* [INFORMATION SHOWN]:
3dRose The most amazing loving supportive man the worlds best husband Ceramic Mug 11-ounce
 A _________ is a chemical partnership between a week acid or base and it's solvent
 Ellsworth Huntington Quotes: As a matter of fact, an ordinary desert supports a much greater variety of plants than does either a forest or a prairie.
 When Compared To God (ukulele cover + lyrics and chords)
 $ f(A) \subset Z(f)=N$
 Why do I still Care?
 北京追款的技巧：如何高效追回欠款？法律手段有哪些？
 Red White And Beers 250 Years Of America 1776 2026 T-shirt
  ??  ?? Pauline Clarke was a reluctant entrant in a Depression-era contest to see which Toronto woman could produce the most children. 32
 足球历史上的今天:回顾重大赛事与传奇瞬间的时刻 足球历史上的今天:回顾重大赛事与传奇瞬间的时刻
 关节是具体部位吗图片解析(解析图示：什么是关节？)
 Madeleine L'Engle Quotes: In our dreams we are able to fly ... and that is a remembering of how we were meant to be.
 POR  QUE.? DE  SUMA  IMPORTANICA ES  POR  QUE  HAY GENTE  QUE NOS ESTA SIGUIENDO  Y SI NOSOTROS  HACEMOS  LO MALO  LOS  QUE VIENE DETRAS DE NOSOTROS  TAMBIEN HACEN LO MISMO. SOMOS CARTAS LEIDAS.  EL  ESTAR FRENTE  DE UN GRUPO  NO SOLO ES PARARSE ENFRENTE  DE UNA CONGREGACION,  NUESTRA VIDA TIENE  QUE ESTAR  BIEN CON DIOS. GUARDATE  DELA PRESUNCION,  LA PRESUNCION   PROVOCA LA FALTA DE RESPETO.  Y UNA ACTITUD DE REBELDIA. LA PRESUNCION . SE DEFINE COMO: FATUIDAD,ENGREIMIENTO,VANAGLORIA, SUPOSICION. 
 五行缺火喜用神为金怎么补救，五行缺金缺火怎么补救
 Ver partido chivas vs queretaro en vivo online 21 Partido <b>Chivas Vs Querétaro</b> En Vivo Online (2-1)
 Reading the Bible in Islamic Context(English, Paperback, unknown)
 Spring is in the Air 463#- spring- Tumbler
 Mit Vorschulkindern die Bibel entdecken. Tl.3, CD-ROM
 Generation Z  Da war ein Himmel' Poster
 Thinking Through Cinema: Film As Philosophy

* [WORK TASK]:
All lines of the records above that carry the word "Quotes" should be listed.

* [EXERCISE RESULT]:
 Ellsworth Huntington Quotes: As a matter of fact, an ordinary desert supports a much greater variety of plants than does either a forest or a prairie.
 Madeleine L'Engle Quotes: In our dreams we are able to fly ... and that is a remembering of how we were meant to be.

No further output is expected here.